A three-judge U.S. court of appeals panel heard oral
arguments yesterday in the class action Lee
v. Verizon (Case No. 14-10553), a case regarding the transfer of 41,000 Verizon retirees’ pension accounts into a single group annuity sponsored by
Prudential Insurance Co.
The pension risk transfer move had been approved by a district court, based in part on the plaintiffs’ inability to prove
real harm occurred as the result of the risk transfer. An earlier opinion
issued by Chief Judge Sidney A. Fitzwater of the U.S. District Court for the
Northern District of Texas, Dallas Division, cited multiple reasons for the
dismissal, including the plaintiffs’ failure to prove that Sections 102(b),
404(a) and 510, as well as Section 409(a), of the Employee Retirement Income
Security Act (ERISA) were violated. At the time, Fitzwater stated that while he
was dismissing the case, his opinion did not prohibit the plaintiffs from repleading
their case in the future, leading to the current appeal.
The main
worry of the retirees is that their
billions of dollars in income annuities will be less well-protected than
ERISA-covered benefits, for example in the case of a personal
bankruptcy or the admittedly unlikely bankruptcy of Prudential. The
plaintiffs
further claim they received insufficient notice in advance of the
transfer of
their promised pension benefits from Verizon’s to Prudential’s balance
sheet
and that no such right to enact a transfer was established by plan
documents.
In a conversation with PLANADVISER, Jack Cohen, Association of
BellTel Retirees chairman, outlined the plaintiffs’ other concerns, noting that
his organization advocates for Verizon retirees and that he personally stands among the
large class of complainants. While the pension risk transfer has so far been
deemed legal, he suggests Verizon did not follow some of the best practices
commonly enacted during a major pension risk transfer operation, leading to unnecessary
stress and resentment among the retiree base.

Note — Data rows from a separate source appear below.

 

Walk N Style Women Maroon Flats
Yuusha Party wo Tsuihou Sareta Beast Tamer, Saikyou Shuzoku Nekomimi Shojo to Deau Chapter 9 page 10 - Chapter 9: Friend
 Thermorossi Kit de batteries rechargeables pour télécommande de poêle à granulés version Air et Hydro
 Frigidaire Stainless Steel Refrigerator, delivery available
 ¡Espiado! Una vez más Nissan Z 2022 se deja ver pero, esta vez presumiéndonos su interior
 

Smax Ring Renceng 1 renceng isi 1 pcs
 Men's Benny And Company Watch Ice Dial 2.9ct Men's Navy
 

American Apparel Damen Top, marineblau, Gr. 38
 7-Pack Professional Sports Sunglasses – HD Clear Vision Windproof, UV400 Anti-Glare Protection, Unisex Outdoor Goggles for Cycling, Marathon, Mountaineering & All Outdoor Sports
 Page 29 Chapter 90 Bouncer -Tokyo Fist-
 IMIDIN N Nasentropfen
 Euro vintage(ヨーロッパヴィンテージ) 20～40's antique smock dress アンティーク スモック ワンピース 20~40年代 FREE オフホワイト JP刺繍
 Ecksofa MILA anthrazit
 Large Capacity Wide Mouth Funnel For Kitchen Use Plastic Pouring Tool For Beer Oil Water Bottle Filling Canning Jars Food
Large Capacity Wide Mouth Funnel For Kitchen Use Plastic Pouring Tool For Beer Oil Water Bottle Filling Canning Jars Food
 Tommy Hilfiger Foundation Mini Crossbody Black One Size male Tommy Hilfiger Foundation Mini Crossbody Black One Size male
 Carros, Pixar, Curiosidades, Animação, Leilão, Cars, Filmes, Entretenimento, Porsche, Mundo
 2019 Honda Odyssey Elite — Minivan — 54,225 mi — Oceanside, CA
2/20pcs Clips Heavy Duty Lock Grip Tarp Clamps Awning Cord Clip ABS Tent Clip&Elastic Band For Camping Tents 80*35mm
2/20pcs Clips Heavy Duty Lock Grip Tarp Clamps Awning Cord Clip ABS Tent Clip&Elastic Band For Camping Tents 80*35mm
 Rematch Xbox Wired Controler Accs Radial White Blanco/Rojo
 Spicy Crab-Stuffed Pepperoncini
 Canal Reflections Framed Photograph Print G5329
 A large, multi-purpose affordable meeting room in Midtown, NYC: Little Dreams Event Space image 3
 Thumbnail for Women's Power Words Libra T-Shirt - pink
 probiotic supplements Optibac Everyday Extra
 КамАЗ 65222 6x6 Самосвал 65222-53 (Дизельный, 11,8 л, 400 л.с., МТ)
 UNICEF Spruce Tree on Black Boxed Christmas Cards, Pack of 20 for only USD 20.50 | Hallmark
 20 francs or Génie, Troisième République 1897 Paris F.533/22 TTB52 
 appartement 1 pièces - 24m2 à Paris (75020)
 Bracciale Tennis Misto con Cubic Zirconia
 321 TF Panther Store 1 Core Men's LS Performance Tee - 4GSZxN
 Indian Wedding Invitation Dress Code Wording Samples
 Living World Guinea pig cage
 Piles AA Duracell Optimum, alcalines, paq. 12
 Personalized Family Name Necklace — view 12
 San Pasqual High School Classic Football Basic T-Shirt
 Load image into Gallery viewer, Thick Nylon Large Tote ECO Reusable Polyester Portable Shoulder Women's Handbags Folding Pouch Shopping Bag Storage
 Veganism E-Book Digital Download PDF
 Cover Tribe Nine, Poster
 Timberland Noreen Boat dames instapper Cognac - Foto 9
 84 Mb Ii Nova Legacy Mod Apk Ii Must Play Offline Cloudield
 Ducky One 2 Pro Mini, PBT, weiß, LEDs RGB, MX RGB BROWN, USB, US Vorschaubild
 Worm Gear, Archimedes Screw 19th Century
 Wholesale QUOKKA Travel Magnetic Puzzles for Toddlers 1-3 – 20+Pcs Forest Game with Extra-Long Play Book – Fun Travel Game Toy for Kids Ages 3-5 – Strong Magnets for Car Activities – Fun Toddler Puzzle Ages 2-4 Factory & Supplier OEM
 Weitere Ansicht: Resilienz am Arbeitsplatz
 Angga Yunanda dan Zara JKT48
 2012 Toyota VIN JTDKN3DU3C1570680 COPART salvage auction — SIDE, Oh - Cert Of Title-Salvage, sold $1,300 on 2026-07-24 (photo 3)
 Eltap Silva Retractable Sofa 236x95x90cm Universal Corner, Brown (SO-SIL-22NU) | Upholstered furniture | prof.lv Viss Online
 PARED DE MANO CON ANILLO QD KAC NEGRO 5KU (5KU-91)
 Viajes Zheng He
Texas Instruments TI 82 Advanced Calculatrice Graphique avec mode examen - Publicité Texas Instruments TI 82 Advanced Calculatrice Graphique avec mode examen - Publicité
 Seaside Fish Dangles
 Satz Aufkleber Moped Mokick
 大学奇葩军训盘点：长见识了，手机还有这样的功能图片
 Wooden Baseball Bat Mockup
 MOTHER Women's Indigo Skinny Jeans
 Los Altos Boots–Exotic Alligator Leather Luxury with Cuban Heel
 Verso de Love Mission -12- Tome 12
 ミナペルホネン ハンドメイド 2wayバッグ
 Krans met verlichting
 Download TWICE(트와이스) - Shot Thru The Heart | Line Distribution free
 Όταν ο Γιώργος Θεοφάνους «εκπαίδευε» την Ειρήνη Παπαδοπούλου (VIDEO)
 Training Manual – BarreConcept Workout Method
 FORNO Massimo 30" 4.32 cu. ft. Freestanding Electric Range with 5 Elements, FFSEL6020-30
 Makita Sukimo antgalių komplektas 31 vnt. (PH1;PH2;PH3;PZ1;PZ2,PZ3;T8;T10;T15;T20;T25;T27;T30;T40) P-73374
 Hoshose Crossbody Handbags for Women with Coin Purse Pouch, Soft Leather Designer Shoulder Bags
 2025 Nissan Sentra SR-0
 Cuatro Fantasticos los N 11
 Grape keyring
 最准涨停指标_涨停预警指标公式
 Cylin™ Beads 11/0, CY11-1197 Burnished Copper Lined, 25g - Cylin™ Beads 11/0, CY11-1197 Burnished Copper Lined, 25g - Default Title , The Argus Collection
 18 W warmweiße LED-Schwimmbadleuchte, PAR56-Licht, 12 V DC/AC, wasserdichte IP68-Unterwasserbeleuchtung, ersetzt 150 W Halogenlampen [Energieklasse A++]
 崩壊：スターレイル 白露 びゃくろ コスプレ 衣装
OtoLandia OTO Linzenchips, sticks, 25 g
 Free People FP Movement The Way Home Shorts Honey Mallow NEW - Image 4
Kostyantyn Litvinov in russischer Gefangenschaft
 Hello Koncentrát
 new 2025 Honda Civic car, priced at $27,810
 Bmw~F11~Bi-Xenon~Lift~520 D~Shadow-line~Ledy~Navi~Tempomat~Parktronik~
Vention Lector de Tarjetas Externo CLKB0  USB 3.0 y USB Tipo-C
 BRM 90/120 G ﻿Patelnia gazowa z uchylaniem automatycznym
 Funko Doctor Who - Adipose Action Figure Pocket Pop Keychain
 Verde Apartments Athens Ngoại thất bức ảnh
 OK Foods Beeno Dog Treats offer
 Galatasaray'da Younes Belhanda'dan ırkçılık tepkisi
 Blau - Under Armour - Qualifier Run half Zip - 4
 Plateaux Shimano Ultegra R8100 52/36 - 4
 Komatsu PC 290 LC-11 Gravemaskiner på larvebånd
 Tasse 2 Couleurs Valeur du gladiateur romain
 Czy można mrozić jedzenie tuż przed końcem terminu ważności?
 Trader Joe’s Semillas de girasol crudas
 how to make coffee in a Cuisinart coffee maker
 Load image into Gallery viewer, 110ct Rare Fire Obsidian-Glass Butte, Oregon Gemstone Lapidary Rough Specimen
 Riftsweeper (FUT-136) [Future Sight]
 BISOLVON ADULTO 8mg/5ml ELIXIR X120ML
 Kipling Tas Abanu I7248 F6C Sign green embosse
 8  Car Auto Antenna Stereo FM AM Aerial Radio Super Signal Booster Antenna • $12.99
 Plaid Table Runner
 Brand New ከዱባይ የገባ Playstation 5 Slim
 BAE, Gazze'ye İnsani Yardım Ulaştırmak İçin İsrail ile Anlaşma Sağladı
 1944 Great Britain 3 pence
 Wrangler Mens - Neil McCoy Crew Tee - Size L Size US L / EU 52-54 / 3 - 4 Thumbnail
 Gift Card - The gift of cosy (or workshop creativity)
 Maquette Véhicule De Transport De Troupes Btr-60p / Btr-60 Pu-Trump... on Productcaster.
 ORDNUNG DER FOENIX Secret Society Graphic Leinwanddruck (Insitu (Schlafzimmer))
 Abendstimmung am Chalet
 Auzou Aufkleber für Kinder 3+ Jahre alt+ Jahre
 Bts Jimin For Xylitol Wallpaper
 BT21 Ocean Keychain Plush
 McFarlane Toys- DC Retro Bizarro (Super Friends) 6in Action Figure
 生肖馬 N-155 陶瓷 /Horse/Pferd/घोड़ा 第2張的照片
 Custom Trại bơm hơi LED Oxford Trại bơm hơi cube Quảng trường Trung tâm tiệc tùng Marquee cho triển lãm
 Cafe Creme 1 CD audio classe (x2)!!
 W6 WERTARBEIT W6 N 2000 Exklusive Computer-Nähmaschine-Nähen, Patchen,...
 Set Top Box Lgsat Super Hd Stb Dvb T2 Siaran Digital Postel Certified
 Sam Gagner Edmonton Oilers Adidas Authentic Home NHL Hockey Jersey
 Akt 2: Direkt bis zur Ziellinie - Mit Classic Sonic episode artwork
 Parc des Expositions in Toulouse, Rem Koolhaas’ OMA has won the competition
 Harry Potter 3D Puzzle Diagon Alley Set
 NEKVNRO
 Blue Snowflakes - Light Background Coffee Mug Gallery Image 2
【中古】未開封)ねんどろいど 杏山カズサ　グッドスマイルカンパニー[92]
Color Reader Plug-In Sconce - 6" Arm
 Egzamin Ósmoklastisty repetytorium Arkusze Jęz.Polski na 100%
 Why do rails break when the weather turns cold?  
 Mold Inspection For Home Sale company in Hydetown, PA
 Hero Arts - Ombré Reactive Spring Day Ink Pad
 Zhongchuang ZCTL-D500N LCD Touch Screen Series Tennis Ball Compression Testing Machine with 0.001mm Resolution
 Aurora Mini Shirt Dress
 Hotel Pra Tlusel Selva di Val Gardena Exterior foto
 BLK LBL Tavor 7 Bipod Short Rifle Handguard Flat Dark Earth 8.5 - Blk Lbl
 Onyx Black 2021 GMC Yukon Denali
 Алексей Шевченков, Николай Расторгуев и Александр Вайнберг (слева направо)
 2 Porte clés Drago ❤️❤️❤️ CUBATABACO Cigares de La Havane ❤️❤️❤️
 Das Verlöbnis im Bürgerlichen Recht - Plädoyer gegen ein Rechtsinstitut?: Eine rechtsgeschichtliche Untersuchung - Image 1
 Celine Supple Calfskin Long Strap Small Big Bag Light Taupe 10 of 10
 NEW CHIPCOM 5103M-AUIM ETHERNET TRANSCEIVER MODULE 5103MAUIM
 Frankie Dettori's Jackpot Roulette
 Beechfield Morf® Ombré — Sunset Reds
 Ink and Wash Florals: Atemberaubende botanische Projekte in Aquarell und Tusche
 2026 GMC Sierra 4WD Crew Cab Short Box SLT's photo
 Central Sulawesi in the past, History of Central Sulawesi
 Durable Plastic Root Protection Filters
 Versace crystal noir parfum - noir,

“If you look at pension risk transfer deals enacted by
General Motors and Ford, for example, they included lump-sum offerings and
plenty of advanced warnings and explanation of the transfer,” Cohen says. “We
feel we were not given sufficient notice or other options, apart from accepting
the annuity.”
Additionally, Cohen says, the transfer was “highly
discriminatory,” in that it only applied to some similarly situated Verizon retirees
and not others. While he admits that the lawsuit’s claims are in direct
opposition to established industry practices and the opinions of numerous
benefits professionals and insurance firms, which view pension risk transfer
deals as a next logical step in the challenging history of once-dominant pension
plans, he feels the courts are allowing certain plan sponsors to undermine the
letter and intent of ERISA.
Cohen notes the lawsuit is not about getting a smaller
pension check under the terms of the risk transfer, or even about a lack of
confidence in Prudential’s commitment or ability to pay the large class of
Verizon pensioners.
“No one is arguing about the present solvency condition of
Prudential, but because of this transfer, retirees are not safeguarded under
the same protections as prior to the transaction,” he says. “Although the
retirees are still receiving the same monthly payments, this pension-stripping
transaction replaces their pensions with non-ERISA-protected insurance
annuities. It strips retirees of ERISA’s protections and the Pension Benefit
Guaranty Corporation [PBGC]’s uniform guarantee, putting their retirement
income stream at risk in the event of a personal bankruptcy.”
Cohen says the case also raises two other issues that have
not received much attention in the courts or the financial press: “We do not
feel there is anything being done to address the potential for resale of these
pension obligations further down the road. Nor do we feel there is a reason to
trust the insurance companies, well-established or not, to know when they have
reached capacity and should stop taking on more pension obligations.”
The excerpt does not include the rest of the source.